The College Board is working on a system for administering the SAT remotely. This way students can take the SAT on their own computers from home. A remote SAT administration will be complicated. Fortunately, the College Board is testing out their system right now as they administer the Advanced Placement (AP) exams remotely. Additionally, the College Board may have plans to add more test dates, such as one in July. Historically, the College Board has held private test dates for individual high schools. Usually, this is for very large schools with underserved populations. However, it is possible that College Board will expand this program to more high schools this fall. This would broaden the testing opportunities for may high school students.

ACT Changes in the Works

As for the ACT, they haven’t cancelled any further test dates since April. However, the test-makers were already planning big changes to the ACT starting this coming September.

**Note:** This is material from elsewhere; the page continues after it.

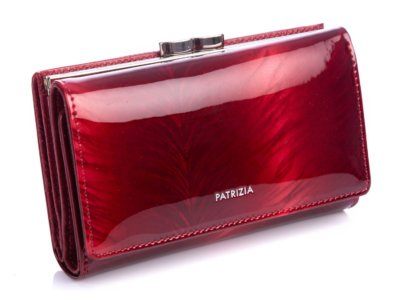 Czerwony portfel damski Patrizia z biglem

The ACT has been beta testing computer-based administrations for almost a decade. Starting this fall, students who have already taken at least one full administration of the ACT will be able to register for a single section, or more, in order to focus on scores that need more improvement. It is likely that ACT is also planning remote, in-home testing, but nothing has been announced.

What’s Next?

Whether you as a junior, or your child (if you are a parent), have taken an actual SAT or ACT yet, or not, you will likely want to take one or both tests this fall, at least once, if not more often. If you were registered for either of the March, May, or June SAT dates, or the April ACT date, the test-makers have likely been in touch with you via email to encourage you to switch your registration to a fall test date. Do this as soon as possible. The fall test dates are going to fill up rapidly.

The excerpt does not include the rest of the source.